1.4 Topics covered (and not covered) in the course

The main topics that this course will cover are:

  • data preparation: how to clean up and massage a data set into an appropriate shape for plotting and analysis

  • data visualization: how to select relevant aspects of data for informative visualization

  • statistical models: what that is, and why it’s beneficial to think in terms of models, not tests

  • statistical inference: what that is, and how it’s done in frequentist and Bayesian approaches

  • hypothesis testing: how to test assumptions about a model’s parameters

  • generalized regression: how to apply generalized regression models to different types of data sets

There is, obviously, a lot that we will not cover in this course. We will, for instance, not dwell at any length on the specifics of algorithms for computing statistical inferences or model fits. We will also only deal with the history of statistics and questions of philosophy of science at the very end of this course and only to the extent that it helps us to better understand the theoretical notions and practical habits that are important in the context of this course. We will also not do extremely heavy math.

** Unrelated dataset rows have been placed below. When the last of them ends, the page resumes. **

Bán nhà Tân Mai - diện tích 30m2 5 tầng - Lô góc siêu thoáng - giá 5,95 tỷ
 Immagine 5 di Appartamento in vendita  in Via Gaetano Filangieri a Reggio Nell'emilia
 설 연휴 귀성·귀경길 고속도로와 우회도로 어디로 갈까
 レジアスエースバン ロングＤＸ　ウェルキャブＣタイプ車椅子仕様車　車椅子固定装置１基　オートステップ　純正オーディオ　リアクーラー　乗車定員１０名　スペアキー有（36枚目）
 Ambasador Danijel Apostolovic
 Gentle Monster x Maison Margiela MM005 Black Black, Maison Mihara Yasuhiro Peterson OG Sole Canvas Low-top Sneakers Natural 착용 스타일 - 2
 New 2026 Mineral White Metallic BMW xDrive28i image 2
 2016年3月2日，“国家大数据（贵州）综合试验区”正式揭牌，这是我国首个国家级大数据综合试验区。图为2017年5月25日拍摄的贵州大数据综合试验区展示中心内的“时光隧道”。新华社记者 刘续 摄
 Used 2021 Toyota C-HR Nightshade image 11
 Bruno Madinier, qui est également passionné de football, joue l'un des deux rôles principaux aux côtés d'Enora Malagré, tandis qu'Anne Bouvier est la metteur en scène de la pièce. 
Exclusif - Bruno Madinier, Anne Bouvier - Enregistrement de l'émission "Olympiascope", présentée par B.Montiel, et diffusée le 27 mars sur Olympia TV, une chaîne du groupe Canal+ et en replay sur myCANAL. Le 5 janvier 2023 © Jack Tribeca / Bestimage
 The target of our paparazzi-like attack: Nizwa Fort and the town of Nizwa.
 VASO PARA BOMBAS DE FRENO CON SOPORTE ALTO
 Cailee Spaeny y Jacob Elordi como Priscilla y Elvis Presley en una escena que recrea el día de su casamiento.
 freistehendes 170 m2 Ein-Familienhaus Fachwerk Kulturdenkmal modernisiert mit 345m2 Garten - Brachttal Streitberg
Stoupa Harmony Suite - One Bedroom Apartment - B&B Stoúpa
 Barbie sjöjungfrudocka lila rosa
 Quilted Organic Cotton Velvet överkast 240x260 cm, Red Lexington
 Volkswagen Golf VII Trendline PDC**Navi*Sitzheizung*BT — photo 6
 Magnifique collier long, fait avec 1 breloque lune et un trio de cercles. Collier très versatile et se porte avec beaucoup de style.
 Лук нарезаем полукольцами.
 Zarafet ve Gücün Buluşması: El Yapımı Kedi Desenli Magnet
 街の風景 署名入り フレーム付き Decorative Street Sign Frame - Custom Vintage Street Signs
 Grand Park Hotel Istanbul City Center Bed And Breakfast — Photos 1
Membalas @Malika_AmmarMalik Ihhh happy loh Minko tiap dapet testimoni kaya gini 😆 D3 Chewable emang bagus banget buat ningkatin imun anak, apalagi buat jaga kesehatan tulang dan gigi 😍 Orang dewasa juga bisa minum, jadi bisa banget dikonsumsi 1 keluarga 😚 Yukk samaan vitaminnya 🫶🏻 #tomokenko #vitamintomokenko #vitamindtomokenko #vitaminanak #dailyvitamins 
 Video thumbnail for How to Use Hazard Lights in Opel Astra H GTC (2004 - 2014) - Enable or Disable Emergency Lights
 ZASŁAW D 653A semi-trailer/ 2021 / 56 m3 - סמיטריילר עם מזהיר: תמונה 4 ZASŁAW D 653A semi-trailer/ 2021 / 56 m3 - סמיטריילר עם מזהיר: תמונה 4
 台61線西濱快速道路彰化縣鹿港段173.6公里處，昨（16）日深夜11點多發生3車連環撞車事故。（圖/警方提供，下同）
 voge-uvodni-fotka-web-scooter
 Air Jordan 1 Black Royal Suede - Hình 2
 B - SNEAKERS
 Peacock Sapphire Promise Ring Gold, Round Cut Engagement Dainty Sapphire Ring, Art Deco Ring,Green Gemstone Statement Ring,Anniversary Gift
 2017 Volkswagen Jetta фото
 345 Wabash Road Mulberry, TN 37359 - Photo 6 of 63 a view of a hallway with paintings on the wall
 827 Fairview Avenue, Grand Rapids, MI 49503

There are at least two different motivations for data analysis, and it is important to keep them apart. This course focuses on data analysis for explanation, i.e., routines that help us understand reality through inspection of empirical data. We will only glance at the alternative approach, which is data analysis for prediction, i.e., using models to predict future observations, as commonly practiced in machine learning and its applications. In sloppy slogan form, this course treats data science for scientific knowledge gain, not data science as an engineering application.